▸ SOURCE DATA
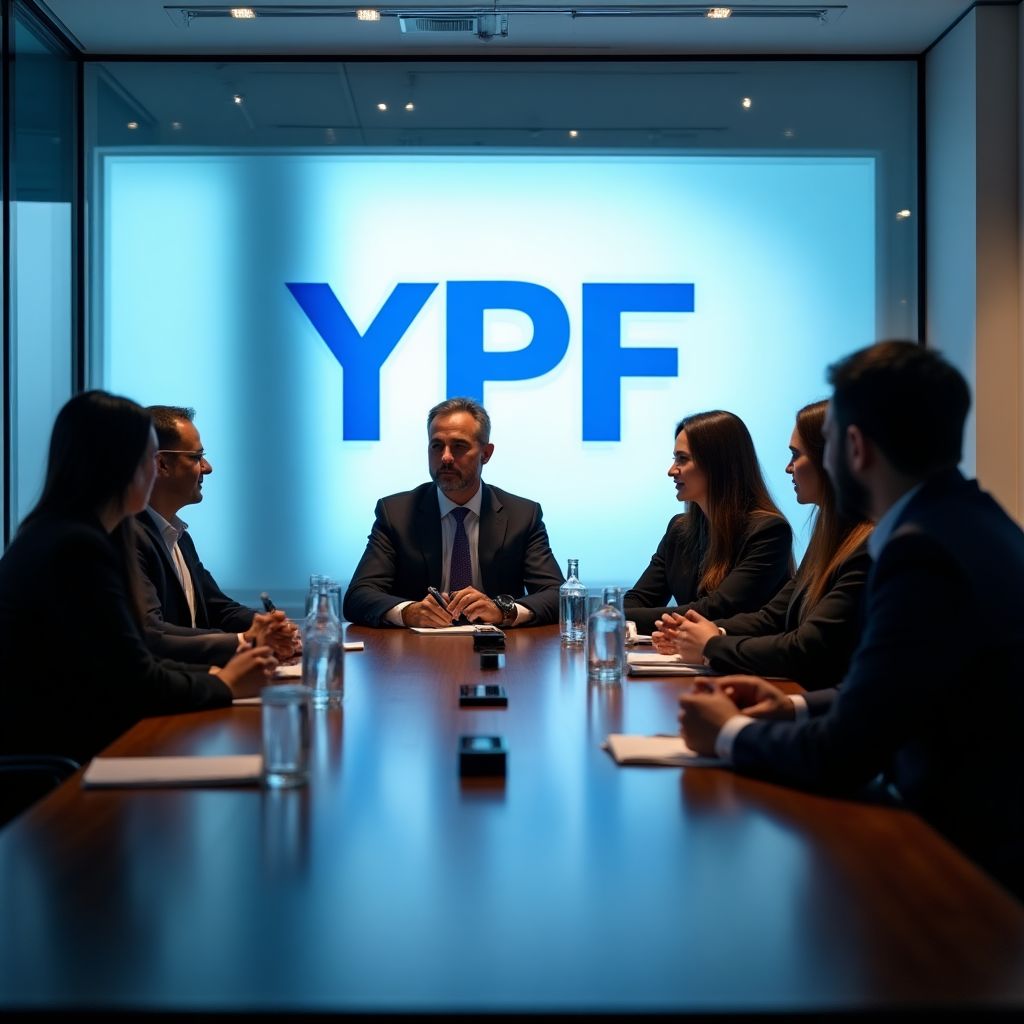 Empleados de YPF trabajando en equipo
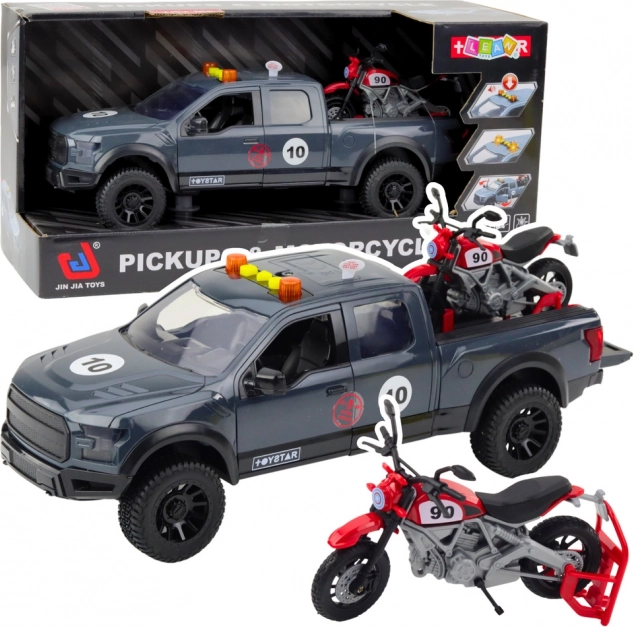 Pickup mit Motorrad mit Licht und Sound grau 1:12 Spielzeug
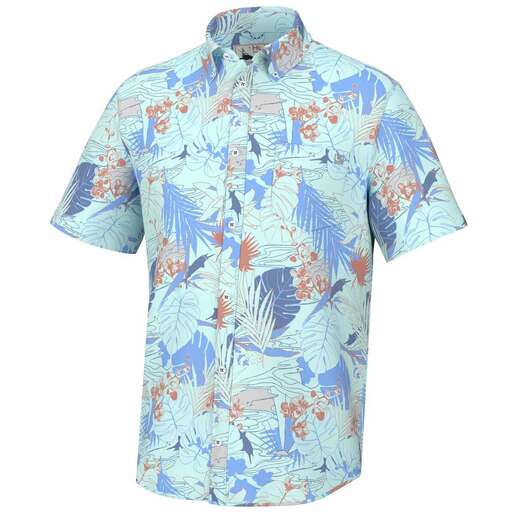 Huk Men's Kona Radical Botanical Short-Sleeve Fishing Shirt - Eggsheel Blue M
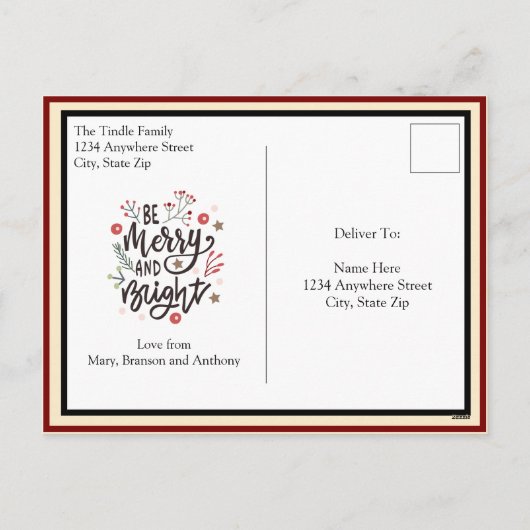 "Jingle Bells" Bladmuziek Kerst Feestdagenkaart (Achterkant)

▸ EXERCISE PROMPT
Print out the whole of the material word for word, without pictures.

▸ SOLUTION TO THIS TASK
 Empleados de YPF trabajando en equipo
 Pickup mit Motorrad mit Licht und Sound grau 1:12 Spielzeug
 Huk Men's Kona Radical Botanical Short-Sleeve Fishing Shirt - Eggsheel Blue M
 "Jingle Bells" Bladmuziek Kerst Feestdagenkaart (Achterkant)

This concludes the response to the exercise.